Он улыбнулся. Наконец-то.
— Осталось не долго.
— Да. Но я хочу, чтобы этот последний месяц прошел как можно более приятно.
Слова повисли в воздухе. Она произнесла их совершенно невинно, и он не сбирался извращать их.
— Что ты хочешь этим сказать? — осторожно спросил он, подбирая наиболее мягкие и точные слова, поэтому она не могла не заметить его серьезности.
— Я имею ввиду… — она нервно сглотнула, желая сложить руки перед собой или упереть их в бедра, лишь бы не сидеть в такой вот совершенно уязвимо позе, раскинувшись на диване. — Я имела ввиду, что не смогу жить дальше так, как раньше.
— Я думал, мы были счастливы, — сказал он осторожно.
— Да, были. И я была… Вернее, не была…
— Так была или не была, киска? Или то, или другое.
— И то, и другое, — сказала она, ненавидя низкий утвердительный тон его голоса. — Разве ты не понимаешь? — она посмотрела прямо на него. — Нет, я вижу, что не понимаешь.
— Я не знаю, чего ты хочешь от меня, — сказал он категорически. Но они оба знали, что он лгал.
— Я хочу знать, что я значу для тебя, Тернер.
— Что ты значишь для меня? — спросил он недоверчиво. — Что ты значишь для меня? Кровавый ад, женщина. Ты — моя жена. Что еще ты должна знать?
— Я должна знать, что ты любишь меня! — взорвалась она, неуклюже пытаясь встать на ноги. Он не ответил, а лишь стоял с подергивающимся на щеке мускулом, и она добавила: — Или должна знать, что не любишь.
—Что это, черт возьми, значит?
— Это значит, что я хочу знать, что ты чувствуешь. Я должна знать, что ты чувствуешь ко мне. Если ты не… если ты не… — она сжала глаза и стиснула кулаки, пытаясь собраться сказать то, что собиралась. — Не имеет значения, если тебя это не волнует. Просто я должна знать.
— О чем, черт возьми, ты говоришь? — он сердито запустил пятерню себе в волосы. — Каждую минуту я повторяю, что обожаю тебя.
— Ты не говоришь, что обожаешь меня.
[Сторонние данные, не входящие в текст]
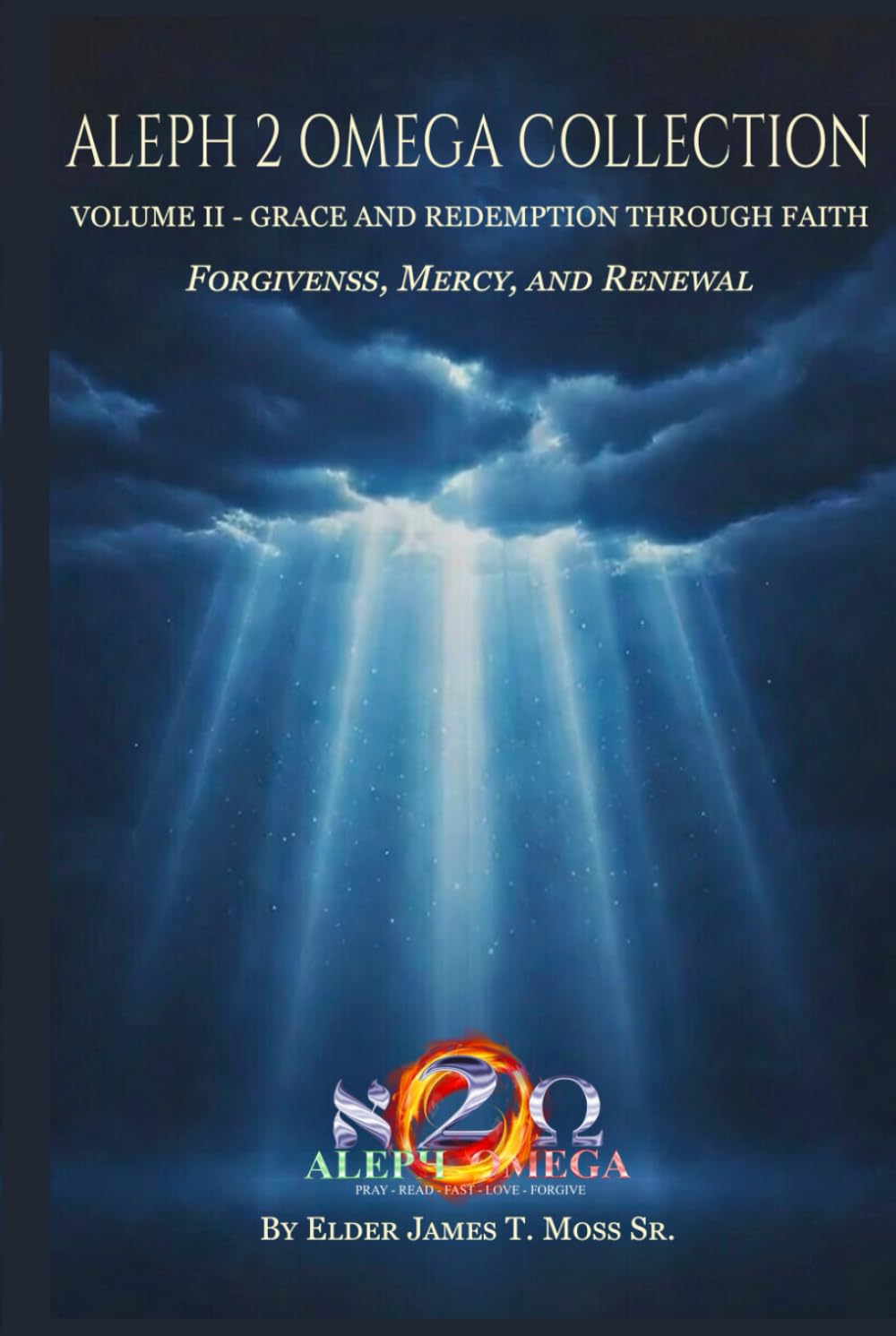 Grace And Redemption Through Faith: Forgiveness, Mercy, And Renewal (The Aleph 2 Omega Collection)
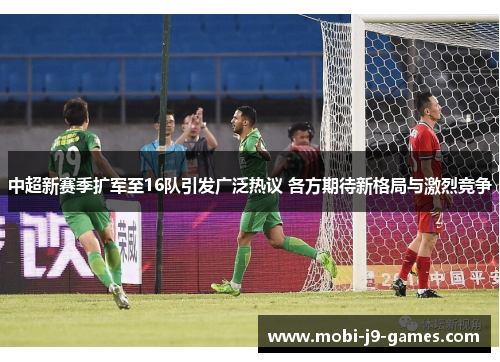 中超新赛季扩军至16队引发广泛热议 各方期待新格局与激烈竞争 中超新赛季扩军至16队引发广泛热议 各方期待新格局与激烈竞争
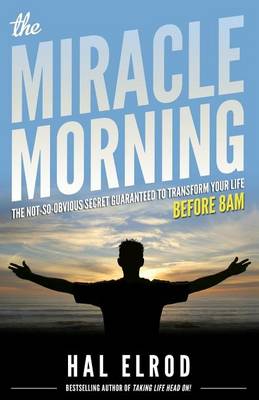 The Miracle Morning: The Not-So-Obvious Secret Guaranteed to Transform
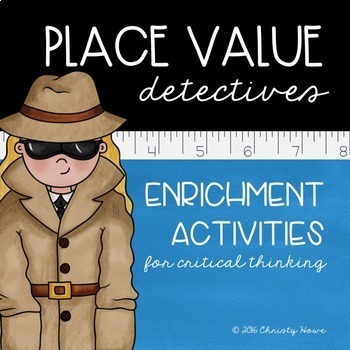 Preview of Place Value Detectives: Enrichment Activities [Whole Numbers]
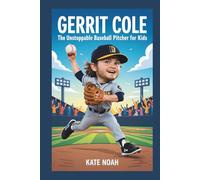Gerrit Cole: The unstoppable baseball pitcher for kids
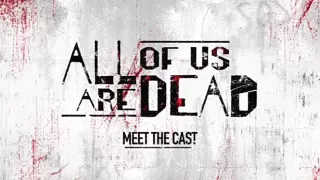 Meet The Cast Of: All Of Us Are Dead |[ENG SUB]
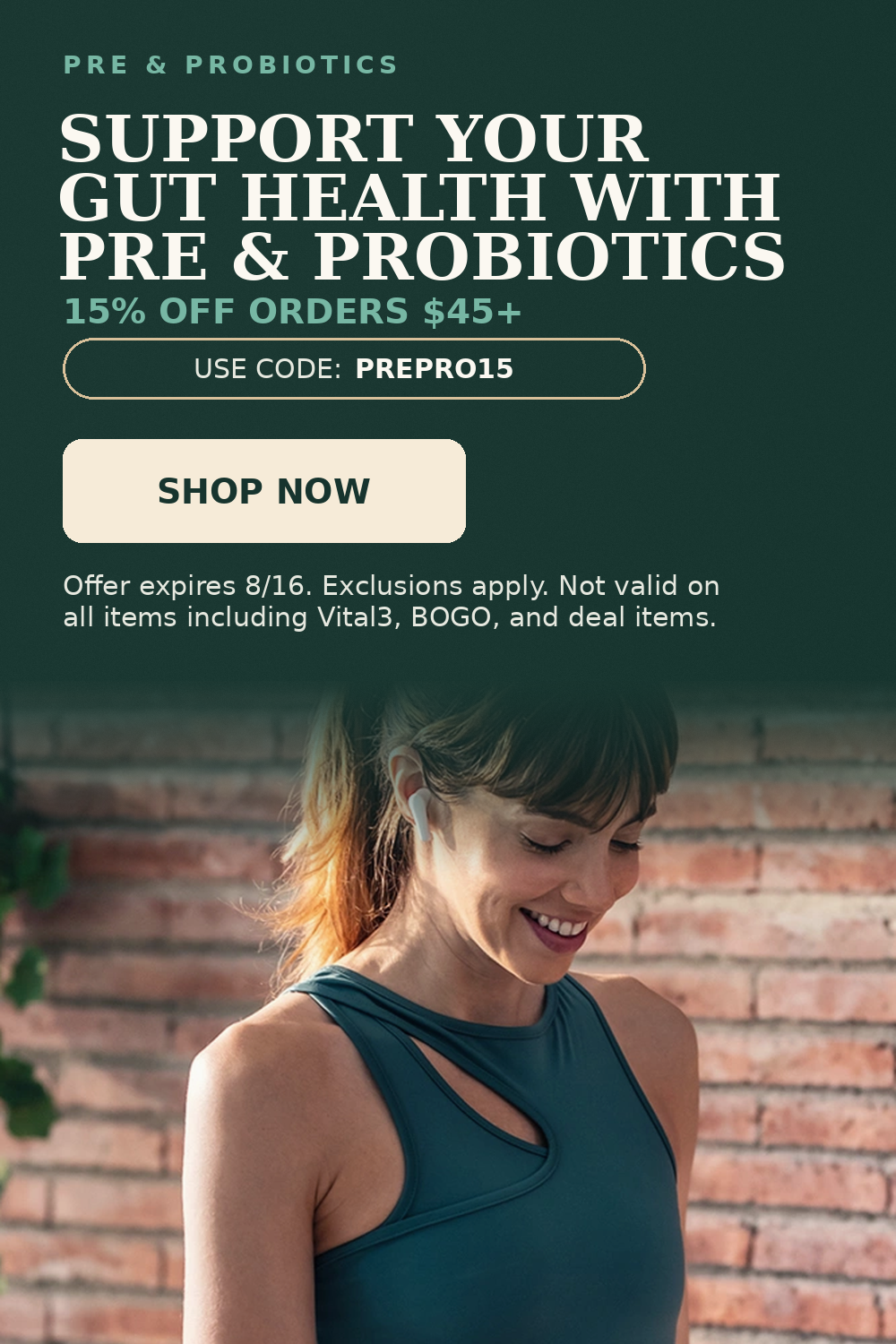 Pre & Probiotics. Support Your Gut Health with Pre & Probiotics. 15% OFF orders $45+. Use code: PREPRO15.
Ты говоришь, что обожаешь быть женатым на мне.
— Какая разница? — справедливо завопил он.
— Возможно, ты всего лишь обожаешь быть женатым.
— После Летиции? — выплюнул он.
— Я сожалею, — произнесла она, и так и было. В этом отношении. Но не в другом. — Есть разница, — тихо сказала она. — Большая. Я хочу знать, заботишься ли ты обо мне не только из-за того, что я заставляю тебя чувствовать эту необходимость.
Он оперся руками о подоконник, тягостно прислонился к стеклу, вглядываясь в темноту за окном. Она могла видеть только его спину, но она ясно услышала, как он сказал:
— Я не знаю, о чем ты говоришь.
— Ты не хочешь знать, — вскипела она. — Ты боишься думать об этом. Ты…
Тернер вихрем обернулся и заставил ее замолчать таким тяжелым взглядом, какого ей еще никогда не доводилось видеть. Даже той ночью, когда он впервые поцеловал ее, даже когда он сидел один, напиваясь после похорон Летиции, даже тогда он не смотрел так, как сейчас.